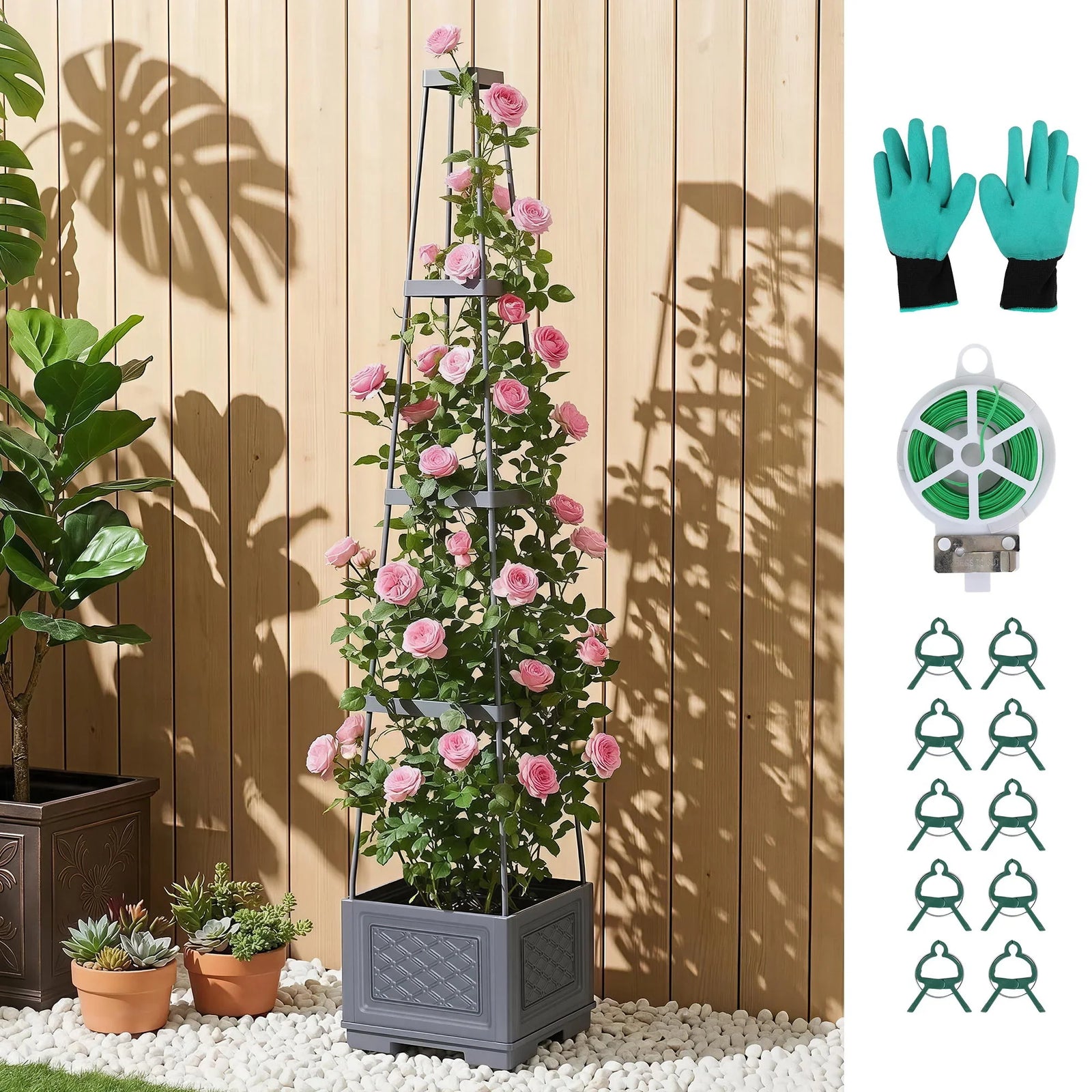 Self Watering Planter with Trellis Adjustable Height Modular Tomato Box 4 Layer 140cm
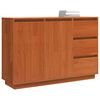 vidaXL Sideboard med skuffe Brun eg 111 x 34 x 75 cm Massiv fyrretr&aelig;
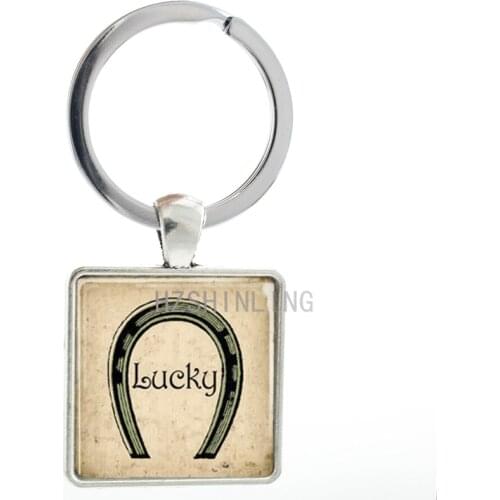 Vintage Lucky Horseshoe square pendant keychain antique style Lucky Horseshoe key chain ring holder men love horse jewelry AA61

WORK REQUIRED — Only the text of the listing above is wanted, transcribed exactly, without its images.

RESPONSE —
 Self Watering Planter with Trellis Adjustable Height Modular Tomato Box 4 Layer 140cm
 vidaXL Sideboard med skuffe Brun eg 111 x 34 x 75 cm Massiv fyrretr&aelig;
 Vintage Lucky Horseshoe square pendant keychain antique style Lucky Horseshoe key chain ring holder men love horse jewelry AA61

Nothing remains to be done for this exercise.